Material shown:

== Segment start ==

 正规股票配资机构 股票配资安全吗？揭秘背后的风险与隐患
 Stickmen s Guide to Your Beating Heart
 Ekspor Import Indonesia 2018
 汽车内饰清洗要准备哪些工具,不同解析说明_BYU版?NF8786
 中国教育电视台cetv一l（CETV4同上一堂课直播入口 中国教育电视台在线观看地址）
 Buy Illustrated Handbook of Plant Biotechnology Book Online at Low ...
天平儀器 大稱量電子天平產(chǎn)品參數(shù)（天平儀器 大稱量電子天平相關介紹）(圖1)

== Segment end ==
== Segment start ==

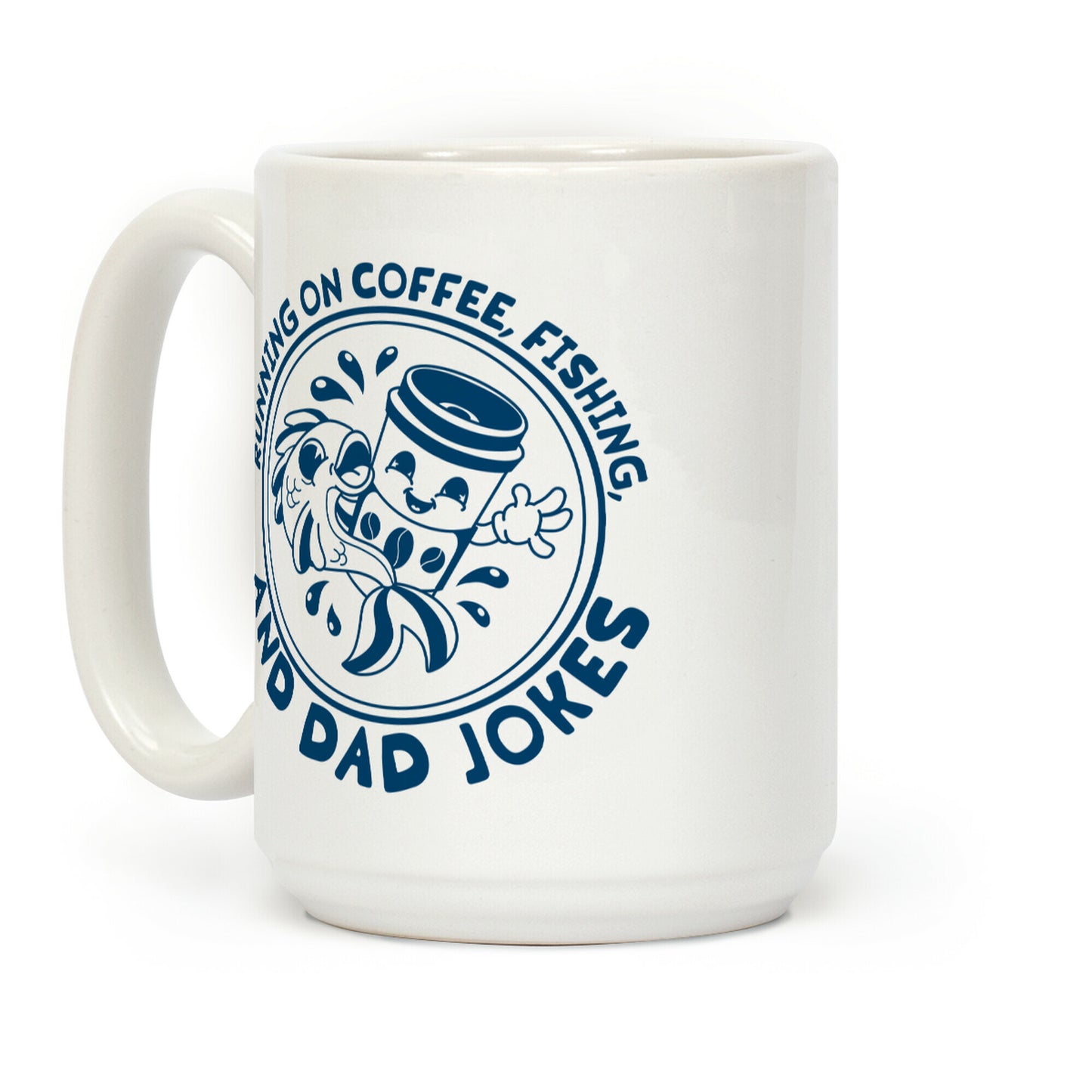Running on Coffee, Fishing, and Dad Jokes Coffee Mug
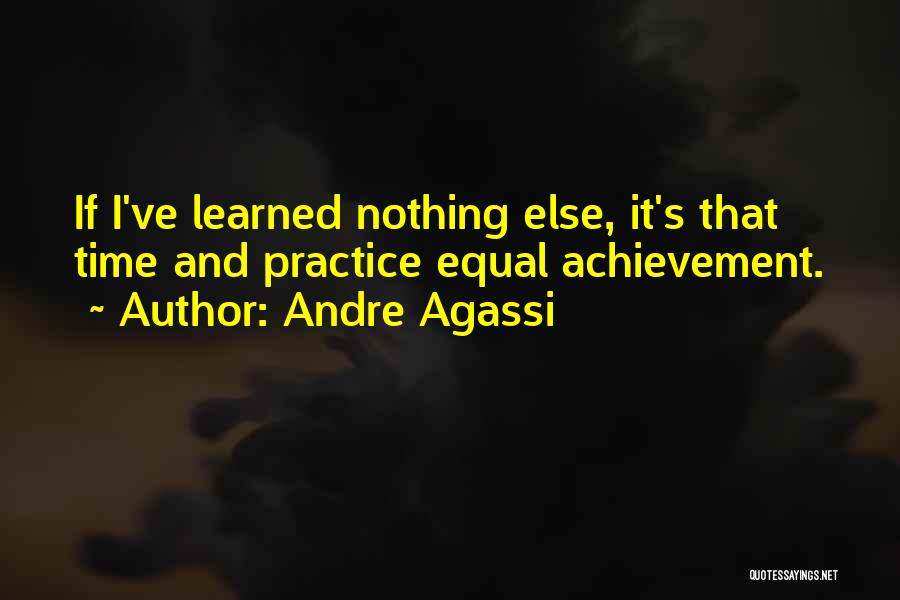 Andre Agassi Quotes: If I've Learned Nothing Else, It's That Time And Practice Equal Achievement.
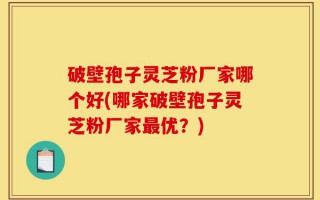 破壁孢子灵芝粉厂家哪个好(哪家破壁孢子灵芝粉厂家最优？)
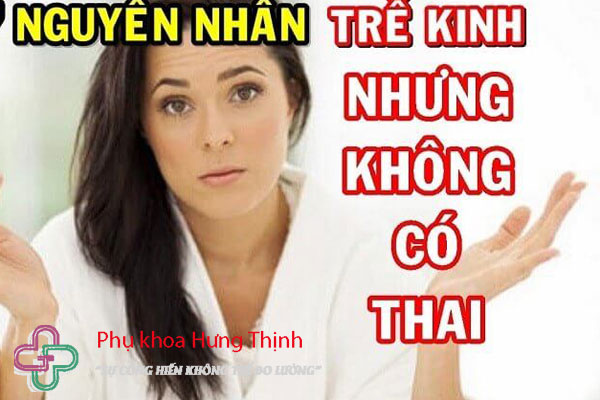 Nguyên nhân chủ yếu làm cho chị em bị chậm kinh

== Segment end ==

Your task: Working from the records above, write out verbatim only the lines from the line containing "中国教育电视台cetv一l（" through the line containing "天平儀器 大稱量電子天平產(chǎn)品參數(shù)（天平儀器 大稱量電子天平相關介紹）(圖1)".

Answer box:
 中国教育电视台cetv一l（CETV4同上一堂课直播入口 中国教育电视台在线观看地址）
 Buy Illustrated Handbook of Plant Biotechnology Book Online at Low ...
天平儀器 大稱量電子天平產(chǎn)品參數(shù)（天平儀器 大稱量電子天平相關介紹）(圖1)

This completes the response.